Coming into Ken Krome’s twisting show jumping track in the new main arena surrounded by grandstands, Kurt wasn’t sure how D.A. Lifetime would respond. “I truly believed if we put our best foot forward, we could win,” he said. “She’s been second and first in her last two FEI, so it came down to the show jumping. I just believed in the horse — I knew that she wanted to do it and it’s almost, I’ll be honest with you, harder to ride such a nice horse because you don’t want to make a mistake for the horse. And that’s how I felt about it. I believed in her, and I was confident but when I went into the show jumping I just looked up and took a deep breath in every single fence, and what was going to be was going to be. And she did that for me and tried very hard — and that’s what a partnership is. That’s why I do love a mare for that. She’s dug in for me.”
A fun fact: D.A. Lifetime got her barn name, “Clarence”, after the Bruce Springsteen song, Jungle Land, came on while the group was driving to the airport in Germany following their horse shopping trip. They’d just decided to take the mare back to the U.S. with them, and as they sped down the Autobahn, sax player Clarence Fleming became the inspiration for the new addition’s nickname.

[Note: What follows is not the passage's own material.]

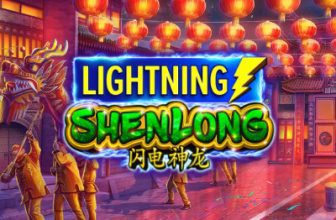 Lightning Shenlong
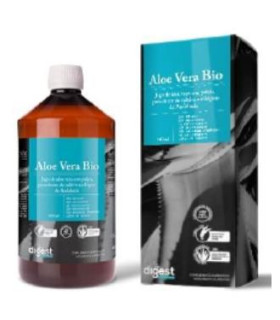 JUGO DE ALOE VERA 1l. BIO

While eight riders produced double clear show jumping efforts this morning, the rails fell throughout the division and prompted a shuffle in the remainder of the top three. In the end, it’s Hannah Sue Burnett with Christa Schmidt’s Carsonstown (Loughere Cappuchino – Nonavic Spyridonna, by Limmerick) who would move up from fourth to finish in second place on a score of 28.1 in the gelding’s CCI3*-L debut. This is another 9-year-old, with whom Hannah Sue has been partnered since he was brought over from Ireland in 2019.

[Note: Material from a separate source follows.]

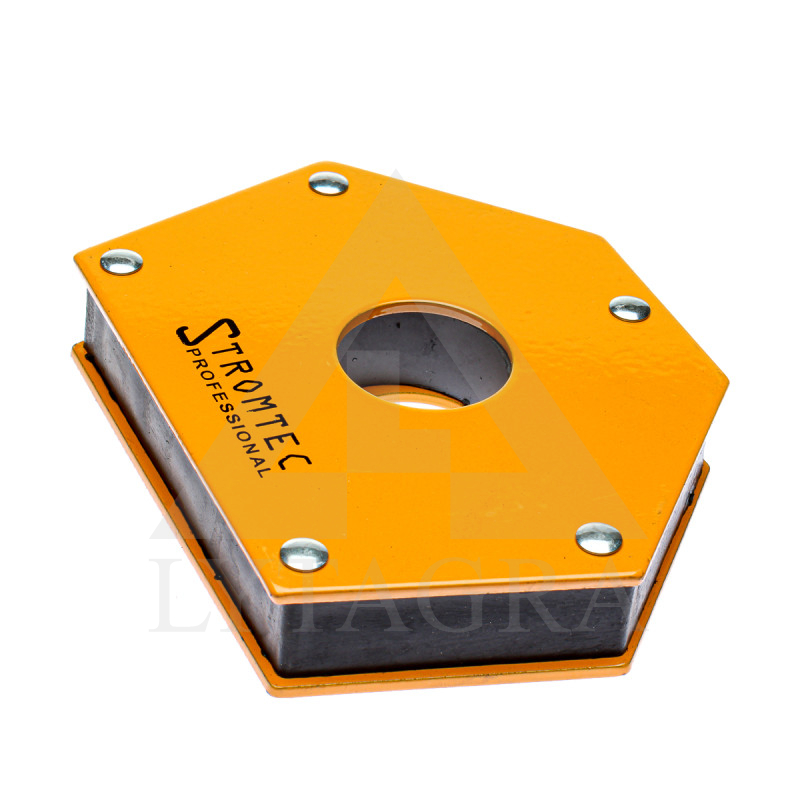 LC-MH-80LB MAGNĒTISKAIS SEŠSTŪRIS 36 kg / 5"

Winding up third with a catch-ride on Juli Hutchings Sebring’s Ulises is Great Britain’s Oliver Townend, who campaigned the 14-year-old Spanish gelding by Fines through the Advanced/4* level previously. Juli reached out to Oliver to gauge his interest in taking the ride for the weekend, and he eagerly agreed to reunite with his old friend. He visited Juli’s Appleton Equestrian earlier this week (Juli is based just around the corner here in Elkton) to reacquaint with Ulises — and they certainly took little time to get to know each other again as they became just the second pair in the division to end the weekend on their dressage mark of 29.4. Thanks to their clear jumping efforts, Oliver and Ulises were able to gradually move up after starting in 10th place following dressage. Oliver and Ulises also won Best Turned Out Horse & Rider for the CCI3*-L division.